"Komm, ich hab schon auf dich gewartet." Vor mir stand ein Fremder. Ich blickte auf und sah eisblaue Augen und rabenschwarzes Haar. 'Ich kenne dich!', wollte ich sagen, jedoch kamen andere Worte heraus: "Wer bist du?" Der Mann lächelte und reichte mir eine Hand: "Ein alter Freund." Ich wollte ihn zornig anstarren und meine Hände vor meiner Brust verschränken, aber mein Körper gehorchte mir nicht. Stattdessen gab ich ihm meine Hand und fragte: "Was willst du von mir?" Verträumt sah er mir in die Augen: "Nur deinen Schatz." Verwirrt sah ich ihn an und wenigstens diese Reaktion spiegelte mein Körper wieder. 'Was für einen Schatz? Ich geh zur High School, da hab ich doch nichts Wertvolles. Außer mein Handy und mein Laptop vielleicht, aber wovon laberst du bitte?!', wieder gelangten die Worte nicht aus meinem Mund. Dafür aber etwas, das ich nicht erwartet hatte: "Niemals! Und wenn es das Letzte ist, was ich tue. Du bekommst ihn nicht!"

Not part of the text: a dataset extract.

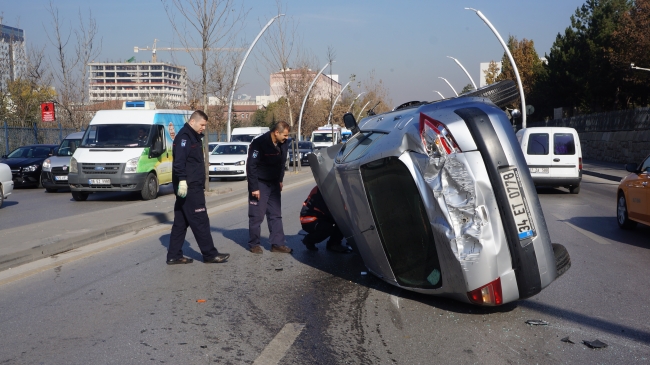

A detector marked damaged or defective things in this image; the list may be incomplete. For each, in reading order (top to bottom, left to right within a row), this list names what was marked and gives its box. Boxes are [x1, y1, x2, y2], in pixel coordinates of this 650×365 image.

damaged car panel [306, 82, 564, 304]
overturned silver car [308, 82, 568, 304]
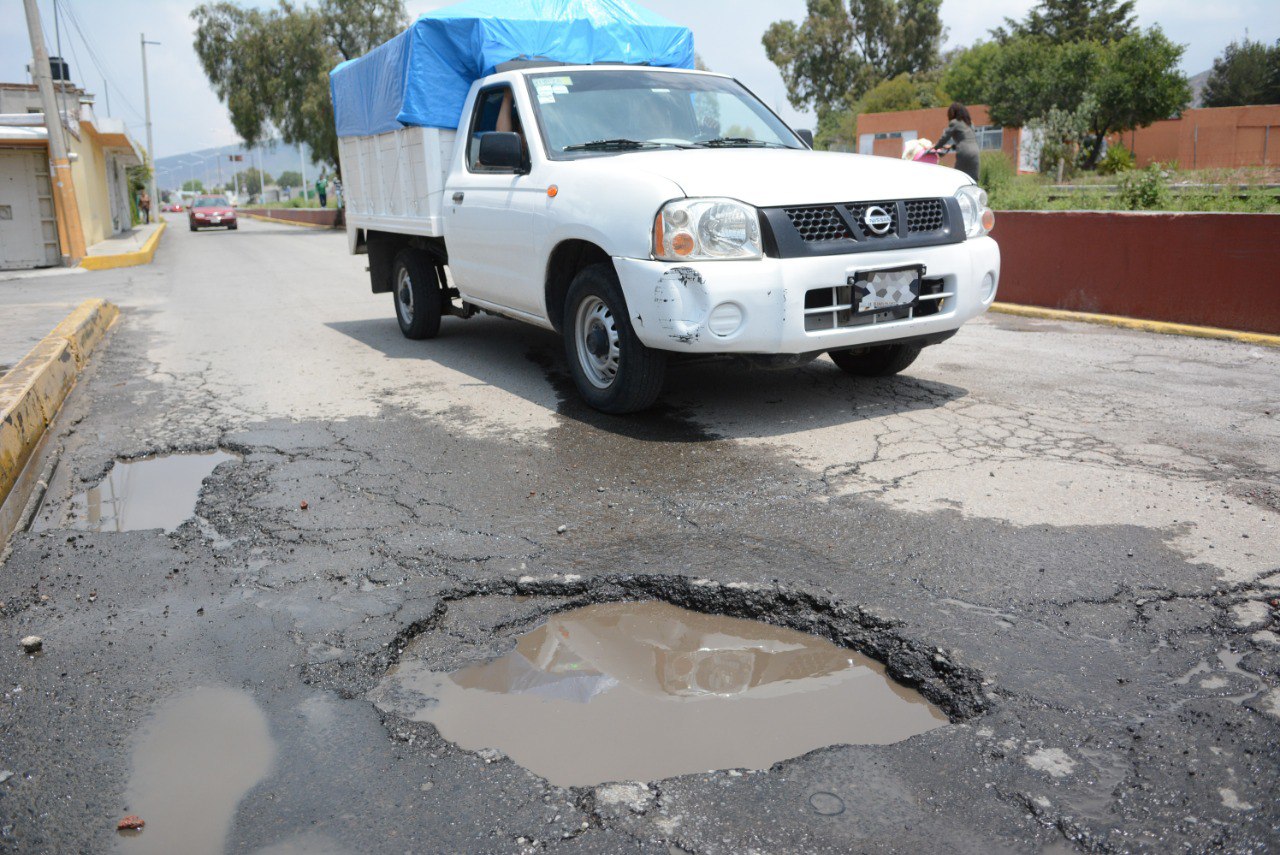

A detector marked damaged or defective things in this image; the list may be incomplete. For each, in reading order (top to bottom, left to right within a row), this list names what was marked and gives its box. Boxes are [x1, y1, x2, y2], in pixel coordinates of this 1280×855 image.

Der Mann lachte laut auf: "Es war bereits das Letzte, was du getan hast. Sieh nur hinter dich." Ich drehte mich um und sah das Mädchen mit den Pestbeulen am Körper tot vor mir liegen. 'Das bin ich doch gar nicht!', protestierte ich, aber er hörte mich nicht. Als mein Körper sich wieder zu ihm drehte, tippte er mit dem Zeigefinger gegen mein Dekolleté. "Ich kriege den Soulwalker noch, aber für den Anfang reichst auch du mir!", grinste er hämisch und dabei begann sein Finger zu brennen, sodass die Flammen auf mich überschlugen. Ich schrie vor Schmerzen auf.
"Es war nur ein Traum, nur ein Traum.", redete ich mir selbst ein. Er machte mir Angst, da er sich mehr als lebendig angefühlt hatte. Unbewusst legte ich meine Hand ans Dekolleté und bemerkte eine Unebenheit. Es sah aus als hätte man eine Zigarette auf mir ausgedrückt. Geschockt sog ich die Luft ein. "Wie zur Hölle ist das passiert?", zischte ich, " Und wie soll ich das den Leuten erklären? Die halten mich doch für komplett bescheuert." Verzweifelt suchte ich nach einer Lösung, bis es mir wie Schuppen von den Augen fiel: "Nana hatte doch seltsame Dinge erzählt. Sie muss mir glauben, wenn ich ihr das erzähle." Schnell lief ich zum Schrank und suchte einen langen Schal, der das Mal verdecken würde. Im nächsten Augenblick saß ich schon im Wagen nach Taholah. Als ich beim Lebensmittelladen ankam, stand Nana schon an der Tür und wartete sehnsüchtig auf jemanden. Sobald sie meinen Truck bemerkte, kam sie eilends zu mir und zog mich in den Laden. Hinter uns schloss sie die Tür, drehte das Geöffnet-Schild um und hängte Kräuter an den Türgriff.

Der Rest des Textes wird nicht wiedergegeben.